Hamile olduğunu öğrenen Hatice, çok endişeliydi, doğmamış bebeğini tekrar kaybetmekten korkuyordu. Alexandra Anastasia Lisowska, hanımın korkularını gidermek için tahminlerinde hiç yanılmayan büyücü Yusuf Efendi'yi ziyaret etmeyi teklif eder.
Yusuf Efendi, hanımefendiye yakında sarı saçlı bir çocuğun evine geleceğini tahmin eder. Ancak büyücü, bir adamın İbrahim'in arkasında gölge gibi yürüdüğünü, saklandığını ve saldırmayı beklediği konusunda da uyardı.
Hatice, İbrahim'i askeri seferden bekledi ve doğum gününü bekledi.
Alexandra Anastasia Lisowska, Hatice'nin sarayına gelir ve bu sırada metresi doğum yapmaya başlar.
Hatice sarışın bir çocuk doğurur ama nefes almıyordur. Doktorun tüm girişimleri başarısız oldu. Çocuk ilk ağlamasını yapmadı. Herkes beklenti içinde dondu, bela beklentisiyle ve gözlerinde korkuyla doktorun hareketlerini izledi.
Alexandra Anastasia Lisowska, çocuğun nefes almadığını anlıyor. Çocuğu doktorun elinden alan Hürrem, sırtına vurmaya başladı ve parmaklarını çocuğun ağzına soktuktan sonra bir tür yumru çıkardı. Ve nihayet sarayda Hatice'nin oğlunun ilk çığlığını duydular. Nefes aldı. Alexandra Anastasia Lisowska, tüm Osmanlı hanedanının övgüsünü kazanan çocuğu kurtardı.

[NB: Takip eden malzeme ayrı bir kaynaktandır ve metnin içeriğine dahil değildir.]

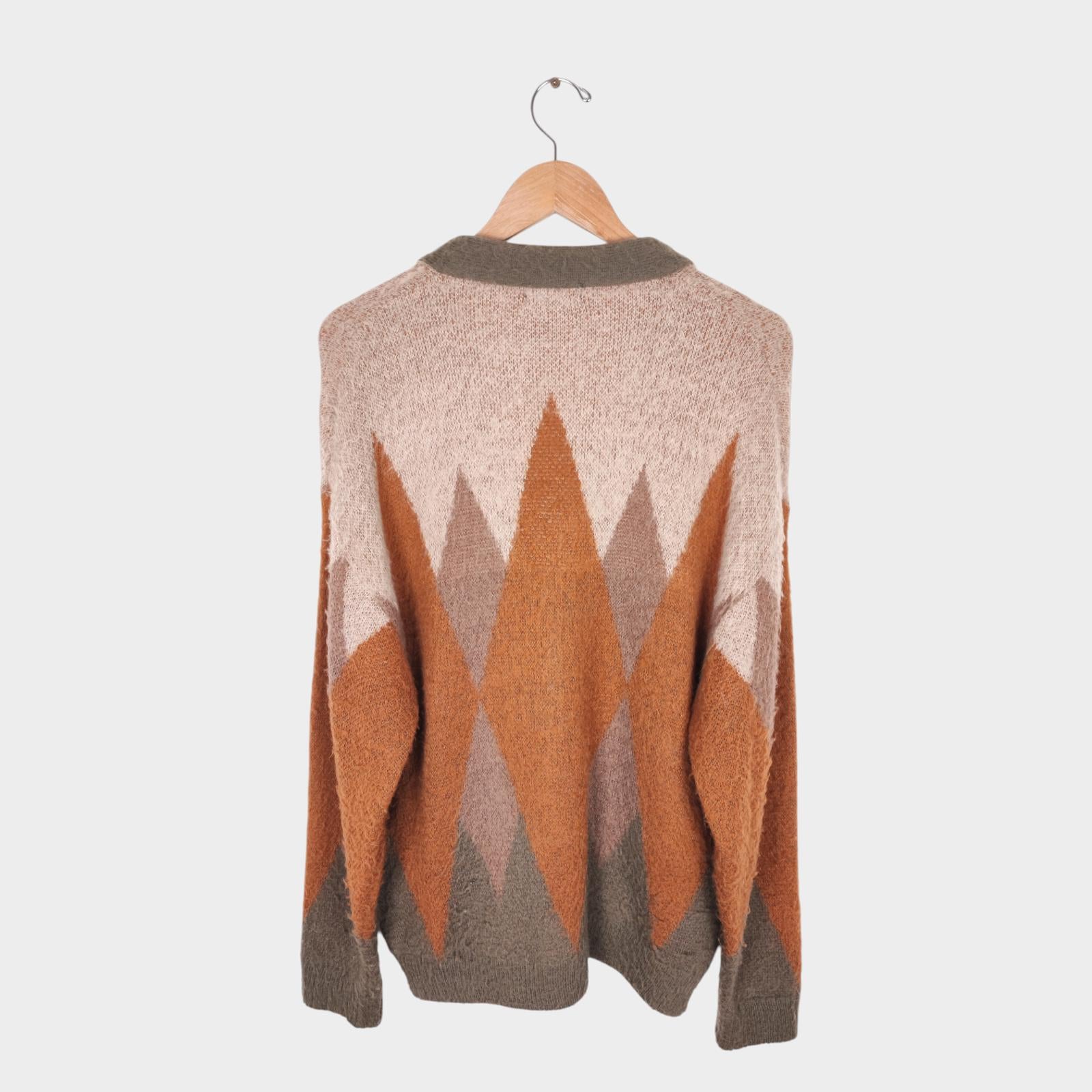 BEAMS HEART Men's Mohair Blend Shaggy Grunge Argyle Cardigan
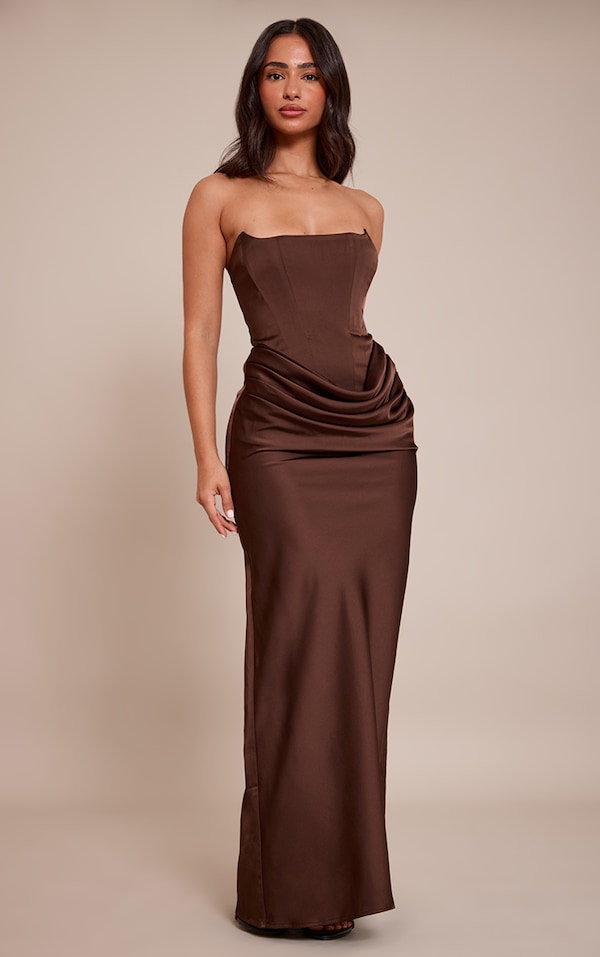 Petite Chocolate Drape Waist Satin Maxi Dress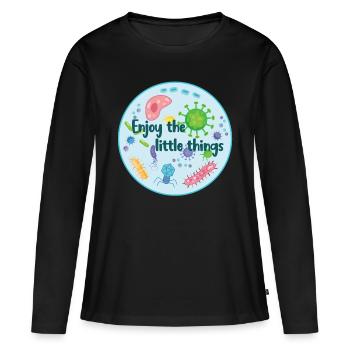 Viel Spaß mit den kleinen Dingen - Lustige Mikrobiologie - Frauen Premium Bio Langarmshirt - Schwarz - Vorne - Julia (174cm)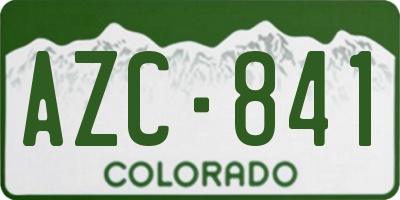 CO license plate AZC841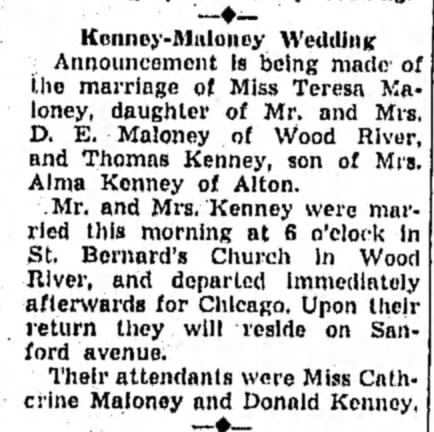 Kenney-Maloney Wedding 22 Sep 1941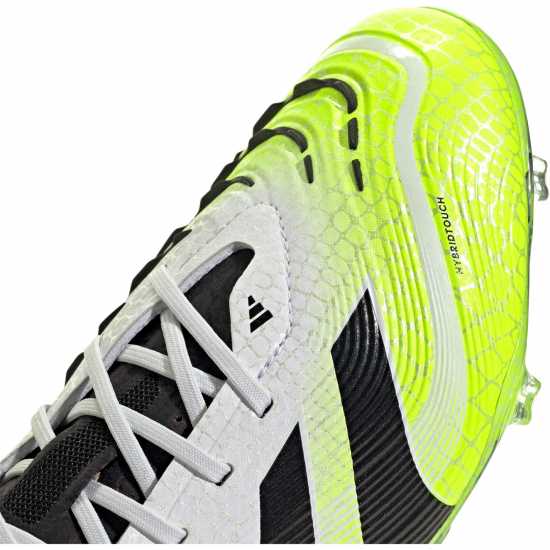 Adidas Predator Elite Childrens Firm Ground Football Boots White/Blk/Lemon Детски футболни бутонки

İbrahim her şeyi kendi gözleriyle gördü ve oğlunu - masum bir hayatı - kurtardığı için Alexandra Anastasia Lisowska'ya teşekkür etmek için acele etti.
Ancak Alexandra Anastasia Lisowska, Pargala'nın minnettarlığına ihtiyaç duymadı, Luka'nın ölümü için onu affedemedi ve asla Pargala'nın olmadığını söyledi. Onun yüzünden ellerinin kana bulandığı ve bir masumu İbrahim'in öldürdüğü günü unutmayacağım. bir hayat.